Except as indicated herein, no Reporting Person, as a stockholder of the Issuer, has any plans or proposals that relates or would result in any of the transactions or other matters specified in clauses (a) though (j) of Item 4 of Schedule 13D. Each Reporting Person may, at any time and from time to time, review or reconsider its or his position and/or change its or his purpose and/or formulate plans or proposals with respect thereto.
The information set forth in Item 6 below is incorporated by reference to this Item 4.

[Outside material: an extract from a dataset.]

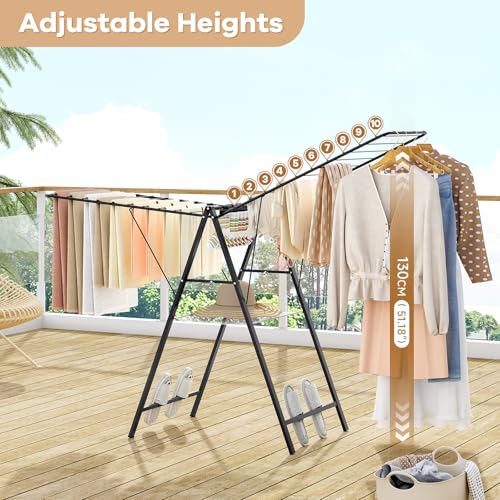 APEXCHASER 6 Height Adjustable Clothes Drying Rack with Shoe Slots, Black - color: Black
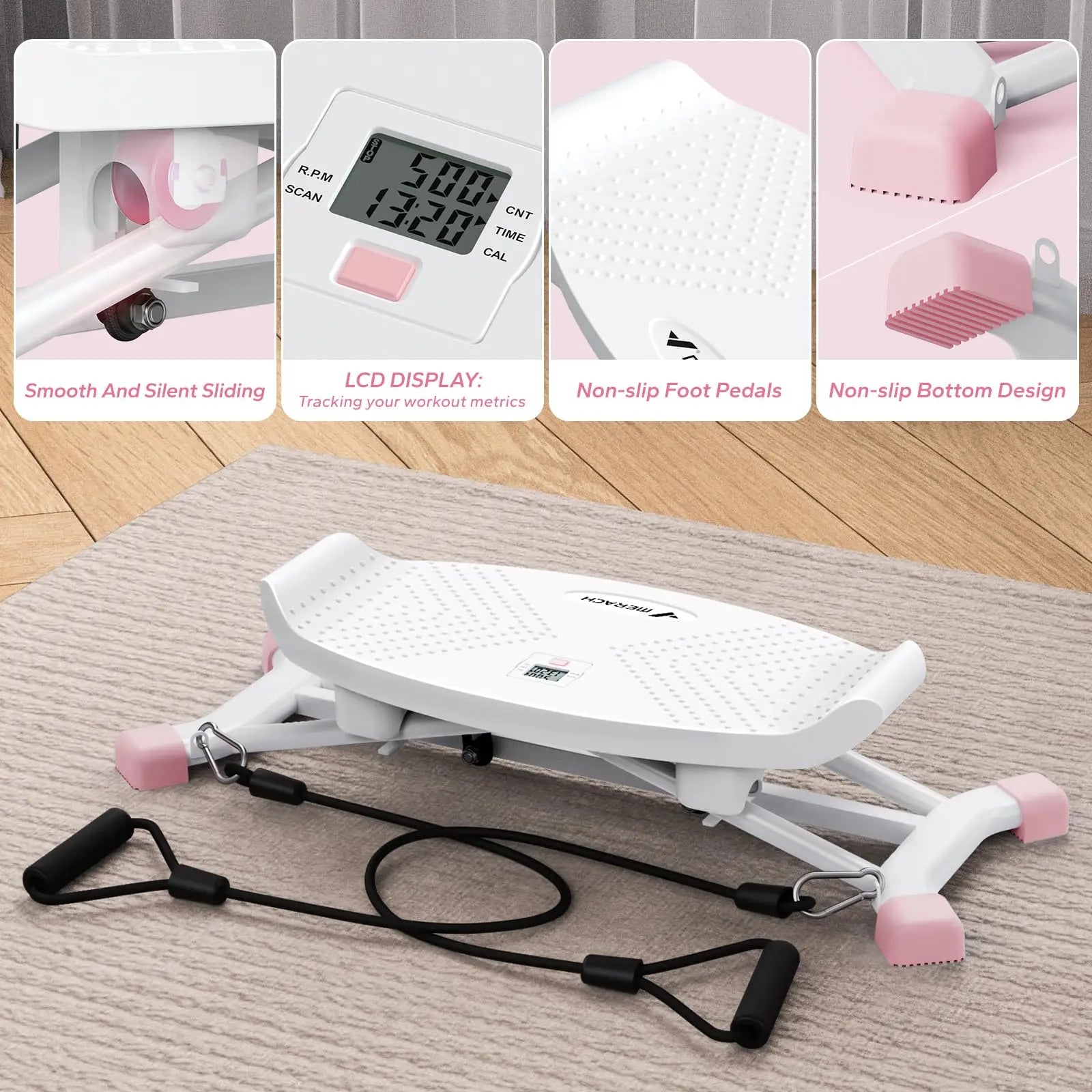 MERACH Ski Machine white and pink full-body workout equipment with non-slip pedals and LCD display on wooden floor mat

Item 5. | Interest in Securities of the Issuer |
| (a) | The information set forth in rows 11 and 13 of the cover pages to this Schedule 13D is incorporated by reference. The percentage set forth in row 13 is based on 102,985,072 Ordinary Shares outstanding as of January 31, 2024, as reported by the Issuer in its Form 20-F filed with the Securities and Exchange Commission on March 21, 2024, and in the case of the cover pages for Perceptive and Mr. Edelman give effect to the exercise of the Options (as defined below) |
| (b) | The information set forth in rows 7 through 10 of the cover pages to this Schedule 13D is incorporated by reference. The shares reported include (i) 8,086,159 Ordinary Shares held by the Master Fund, and (ii) 84,687 Ordinary Shares issuable upon the exercise of 84,687 vested stock options or stock options that will vest within 60 days (the “Options”) that Perceptive has rights to pursuant to a management fee offset. |
| (c) | On May 30, 2024, the Master Fund acquired 3,503,750 Ordinary Shares in a pro rata distribution from ARYA at a valuation of $11.28 per share (the “Distribution”). |
| (d) | No person other than the Reporting Persons disclosed in this Schedule 13D is known to have the right to receive or the power to direct the receipt of dividends from, or the proceeds from the sale of, the Ordinary Shares subject to this Schedule 13D. |
Item 6. | Contracts, Arrangements, Understandings or Relationships with Respect to Securities of the Issuer |
The information set forth in Item 4 above is incorporated by reference to this Item 6.
Investor Rights Agreement
On July 1, 2020, Arya Sciences Holdings (the “ARYA”) entered into an Investor Rights and Lock-Up Agreement (the “Investor Rights Agreement”) with the Issuer and certain other stockholders of the Issuer. Pursuant to the terms of the Investor Rights Agreement, ARYA and the Master Fund assumed certain rights as described below.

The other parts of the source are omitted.